Türkiye ile ABD arasındaki ilişkilerin gerginleşmesine yol açan 7 ana sorun bulunuyor. Bu sorunların başında FETÖ'nün ele başı Fetullah Gülen'in Türkiye'nin 85 koli belge göndermesine rağmen ABD tarafından iade edilmemesi hatta iade bir yana bu ülkedeki faaliyetlerine son verilmemesi teşkil ediyor.
Obama yönetiminin yaptığı gibi Trump da bu konuda vurdumduymaz bir tavır sergiliyor. Öte yandan FETÖ'nün 17-25 Aralık 2013'teki kumpasına ilişkin yürütülen soruşturma kapsamında, ABD'nin İstanbul Başkonsolosluğu görevlisi Metin Topuz'un haklarında dava açılan eski polis müdürleri ve firari eski savcı Zekeriya Öz ile irtibatı tespit edildi ve bunun üzerine Türkiye Cumhuriyeti vatandaşı olan Topuz tutuklandı.
Topuz'un CIA ajanı olduğu ileri sürülüyor. Bu tutuklamanın ardından ABD, Türkiye'de vize işlemlerini askıya aldı.
PKK'nın baş destekçisi
İkinci sırada ise Türkiye'nin terör örgütü olarak görmesine rağmen ABD'nin PYD/YPG'ye silah desteğinin devam etmesi yer alıyor. ABD, Haziran ayından bu yana PKK/YPG'ye 2 binden tırdan fazla silah gönderdi.
Bu silahların içinde gelişmiş ağır silahların bulunuyor.
Üçüncü ana sorun ise Halkbank Genel Müdür Yardımcısı Mehmet Hakan Atilla'nın New York'ta tutuklanması teşkil ediyor. ABD tarafı bugüne kadar sorunu Amerikan yargısına havale etmekle yetindi.
İki ülke arasındaki bir başka sorunu ise Cumhurbaşkanı Erdoğan'ın Mayıs ayında Washington'a yaptığı ziyaret sırasında yaşanan olaylar hakkında 15 korumasına yönelik soruşturma izni verilmesi oluşturuyor.
Ziyaret sırasında Washington Türk Büyükelçiliği önünde PKK propagandası yapan örgüt yandaşları, Türk vatandaşlarına saldırınca Cumhurbaşkanı Erdoğan'ın korumaları olaya müdahale etmiş, bir süre sonra ise protestoculara saldırmakla suçlanan 15 Türk güvenlik görevlisinin de aralarında bulunduğu 19 kişi hakkında soruşturma açılmış ve iddianame hazırlanmıştı.

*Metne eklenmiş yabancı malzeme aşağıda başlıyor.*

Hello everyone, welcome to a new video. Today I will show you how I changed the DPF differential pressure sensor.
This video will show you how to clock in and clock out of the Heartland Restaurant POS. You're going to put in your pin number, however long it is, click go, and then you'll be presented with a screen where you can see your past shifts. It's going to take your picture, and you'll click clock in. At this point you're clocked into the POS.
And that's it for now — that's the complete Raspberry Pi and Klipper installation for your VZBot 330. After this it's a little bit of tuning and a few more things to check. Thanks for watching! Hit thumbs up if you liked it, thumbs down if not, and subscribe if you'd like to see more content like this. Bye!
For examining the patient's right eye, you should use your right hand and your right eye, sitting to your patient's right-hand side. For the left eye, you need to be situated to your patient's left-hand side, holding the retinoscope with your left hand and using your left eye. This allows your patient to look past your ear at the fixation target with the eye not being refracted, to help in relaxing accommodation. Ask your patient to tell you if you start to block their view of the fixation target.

Türk Dışişleri Bakanlığı olaya ilişkin yaptığı açıklamada, "Washington Bölgesi Yüksek Mahkemesi Başsavcılığı'nın, Washington Büyükelçiliğimiz ikametgâhı önünde 16 Mayıs 2017 tarihinde yaşanan olaylara ilişkin iddianamenin kabul edildiğini açıklaması esefle karşılanmıştır" ifadesini kullanmıştı.

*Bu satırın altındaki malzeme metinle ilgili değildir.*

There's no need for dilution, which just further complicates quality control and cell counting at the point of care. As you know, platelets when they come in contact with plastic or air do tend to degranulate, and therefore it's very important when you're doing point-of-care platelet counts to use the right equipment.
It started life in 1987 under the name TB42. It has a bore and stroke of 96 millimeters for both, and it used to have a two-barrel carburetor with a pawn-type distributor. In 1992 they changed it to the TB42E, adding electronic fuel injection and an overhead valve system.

Türkiye de rahatsız etmeye başladı
ABD'nin aldığı vize kararında Türkiye'nin başta Fırat Kalkanı Harekâtı olmak üzere milli güvenliği için Suriye ve Irak'ta attığı adımların da etkili olduğu belirtiliyor.
ABD'nin El Kaide gerekçesiyle PYD ile İdlib bölgesine müdahale edeceği konuşulurken, Türkiye-İran ve Rusya'nın anlaşması ile burada yapılan harekâtın ABD'nin planlarını bozduğu aktarılıyor. Bu da doğal olarak ikili ilişkilere yansıyor.

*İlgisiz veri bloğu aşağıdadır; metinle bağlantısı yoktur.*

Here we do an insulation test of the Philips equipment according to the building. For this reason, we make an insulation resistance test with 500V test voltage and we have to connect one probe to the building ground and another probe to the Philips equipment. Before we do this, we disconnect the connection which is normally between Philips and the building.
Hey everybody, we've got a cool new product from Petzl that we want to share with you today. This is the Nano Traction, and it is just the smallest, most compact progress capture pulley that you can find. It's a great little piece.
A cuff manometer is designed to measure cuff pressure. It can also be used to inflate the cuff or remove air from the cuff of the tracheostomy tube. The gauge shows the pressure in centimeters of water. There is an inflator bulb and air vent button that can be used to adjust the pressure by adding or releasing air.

Uluslararası arenada en çok konuşulan ve NATO nezdinde tartışmalara neden olan bir diğer olay ise Türkiye'nin Rusya'dan almayı planladığı S400'ler. NATO sistemlerine uyumlu olmadığı iddia edilerek tepki gösterilen füzelerin alınmasına başta ABD olmak üzere Batılı ülkelerin karşı olduğu bilinirken, Türkiye tarafının ise füzelerin kaporasını verdiği bildirilmişti.
Darbeye açık destek
FETÖ elebaşını teslim etmeyen ABD'ye yönelik sitemler sürerken, 15 Temmuz darbe girişiminin en kilit isimlerinden biri olan ve o geceyi darbenin merkezi Akıncı Üssü'nde geçirdiği güvenlik kameralarıyla saptanan Kemal Batmaz'a ilişkin çıkan resmi belge de Türkiye-ABD ilişkilerinin gerilmesinde bir kilometre taşı olmuştu.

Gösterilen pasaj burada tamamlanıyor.